Sample, Scrutinize and Scale: Effective Inference-Time Search by Scaling Verification
Eric Zhao, Pranjal Awasthi, Sreenivas Gollapudi
TL;DR
The paper investigates how test-time compute can scale sampling-based search with self-verification to enhance reasoning. It demonstrates that simple, parallelized sampling and self-verification exhibit sustained power-law performance improvements on challenging benchmarks, driven in part by implicit scaling. Two actionable verification principles—comparing across candidate responses and rewriting outputs for structured verification—substantially boost accuracy, while frontier models exhibit weak out-of-the-box verification, motivating a new benchmark. Overall, the work positions sampling-based search as a strong, scalable baseline for inference-time computation and offers practical guidance for leveraging verification at scale.
Abstract
Sampling-based search, a simple paradigm for utilizing test-time compute, involves generating multiple candidate responses and selecting the best one -- typically by having models self-verify each response for correctness. In this paper, we study the scaling trends governing sampling-based search. Among our findings is that simply scaling up a minimalist implementation of sampling-based search, using only random sampling and direct self-verification, provides a practical inference method that, for example, elevates the reasoning capabilities of Gemini v1.5 Pro above that of o1-Preview on popular benchmarks.
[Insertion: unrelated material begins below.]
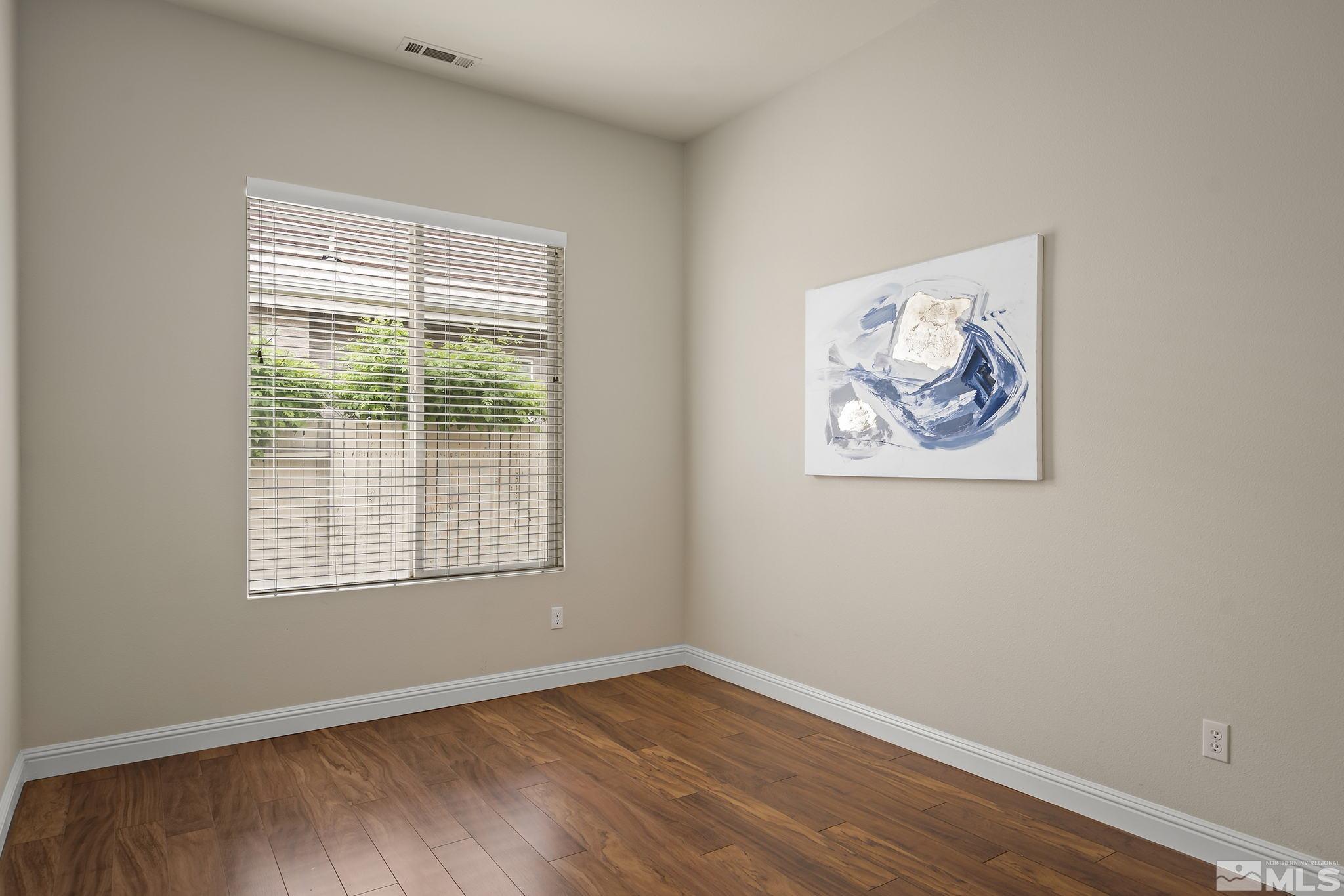 1575 Sutterbrook Way Reno, NV 89521 - Photo 18 of 21 a view of an empty room with wooden floor and a window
We partially attribute the scalability of sampling-based search to a phenomenon of implicit scaling, where sampling a larger pool of responses in turn improves self-verification accuracy. We further identify two useful principles for improving self-verification capabilities with test-time compute: (1) comparing across responses provides helpful signals about the locations of errors and hallucinations, and (2) different model output styles are useful for different contexts -- chains of thought are useful for reasoning but harder to verify. We also find that, though accurate verification can be elicited, frontier models demonstrate remarkably weak out-of-box verification capabilities and introduce a benchmark to measure progress on these deficiencies.